We live in an age that is the oddest combination: we allow everything and anything to be said or done in public while we feign a kind of Elizabethan prudishness about it all. No swearing on TV, we’re American! Isn’t that Charlie Sheen a mess? But what’s he saying now, I wonder?
At a time when mainstream movies are inching toward more and more explicit sex -- not sexiness, mind you, but sex -- Melissa Leo can’t say “fuck” on the Oscars.
This was brought home to me the other day when I picked up a DVD of the 1969 John Wayne version of “True Grit.” To my surprise, that movie is rated “G” -- that is, for general audiences, just like the kind of movie Disney used to make.

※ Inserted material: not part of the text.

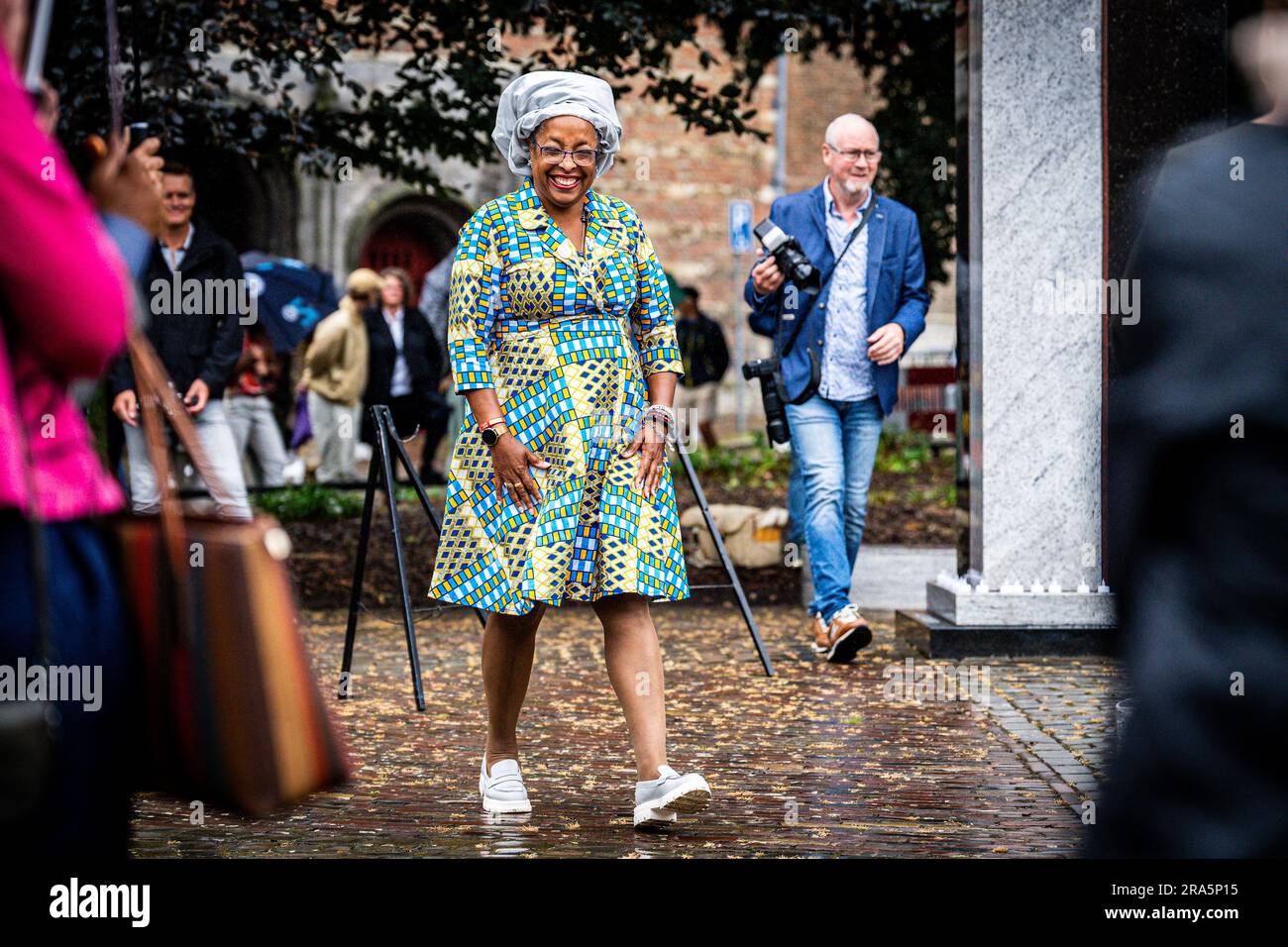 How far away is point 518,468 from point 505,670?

Given that the Coen brothers new version is not so much a reimagining of the Charles Portis novel as it is a simple remake of the Henry Hathaway movie, I wondered what it was rated. The answer: PG-13.
Both movies are virtually the same. I can remember one outright cuss, the ever acceptable “son of a bitch”, which is uttered in both versions. There’s no sex in either movie. I would venture to say that, aside from one shot of Moon’s fingers getting cut off in the Coen version there is exactly the same amount of violence, and about the same amount of blood. The Coens ratcheted way down their penchant for grisliness. I will say that old Rooster Cogburn’s drinking is overplayed in the Wayne version.
To my eyes, the Coen brothers version is actually tamer. Think of this: The hanging scene in the 1969 version takes place in a town square, not in the barren, dusty landscape in the Coen version. In Hathaway’s movie, people are singing hymns as the men get lined up for the noose. There are kids on swings. There are families parked in their buggies to watch the afternoon entertainment. There’s a boy selling peanuts. This version is much more disturbing than what the Coen brothers did with it, and yet this version is okay for kids, apparently.
So why does this version, in what we would often think of as a much less permissive time, receive a G rating and the new one, released in the freewheeling world of Internet porn and R-rated TV, get a PG-13?
I don’t think it’s marketing, because people don't any attention whatsoever to ratings any more. We just live in a time when we no longer know what is acceptable, and what is not.